# Available data
--------

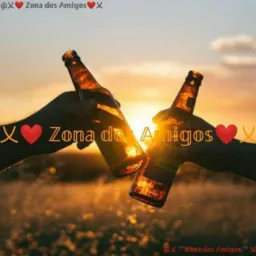 Zona dos Amigos 🌏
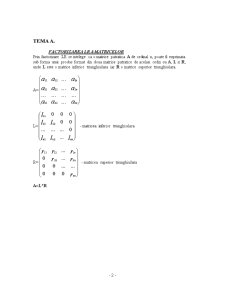 Aproximarea numerică a funcțiilor - factorizarea matricelor - Pagina 2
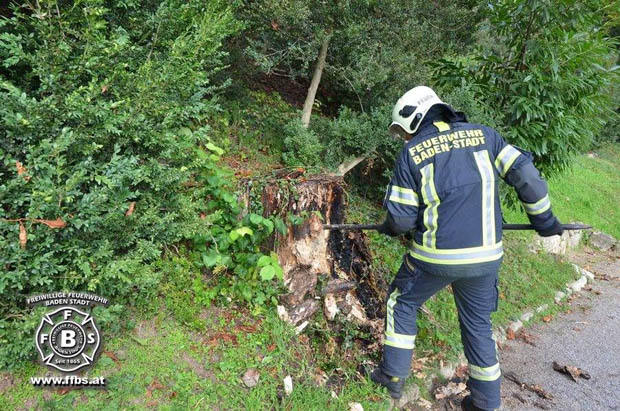 20171014 Glosender Baumstumpf im Badener Kurpark Foto: © Freiwillige Feuerwehr Baden-Stadt 20171014 Glosender Baumstumpf im Badener Kurpark Foto: © Freiwillige Feuerwehr Baden-Stadt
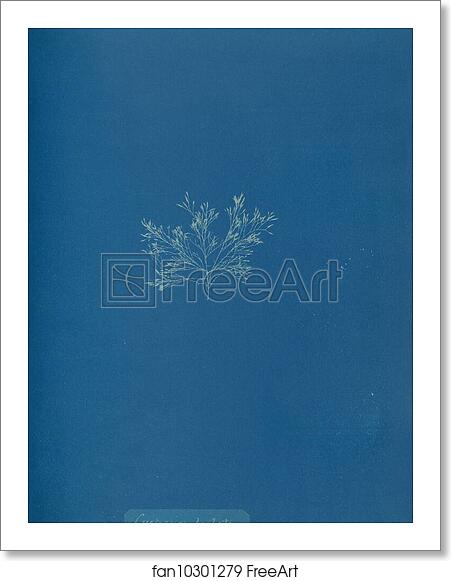 Free art print of Cystoseira barbata by Anna Atkins Free art print of Cystoseira barbata by Anna Atkins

--------

# What to produce
A faithful, picture-free copy of the material is what this task asks for.

# Expected answer
 Zona dos Amigos 🌏
 Aproximarea numerică a funcțiilor - factorizarea matricelor - Pagina 2
 20171014 Glosender Baumstumpf im Badener Kurpark Foto: © Freiwillige Feuerwehr Baden-Stadt 20171014 Glosender Baumstumpf im Badener Kurpark Foto: © Freiwillige Feuerwehr Baden-Stadt
 Free art print of Cystoseira barbata by Anna Atkins Free art print of Cystoseira barbata by Anna Atkins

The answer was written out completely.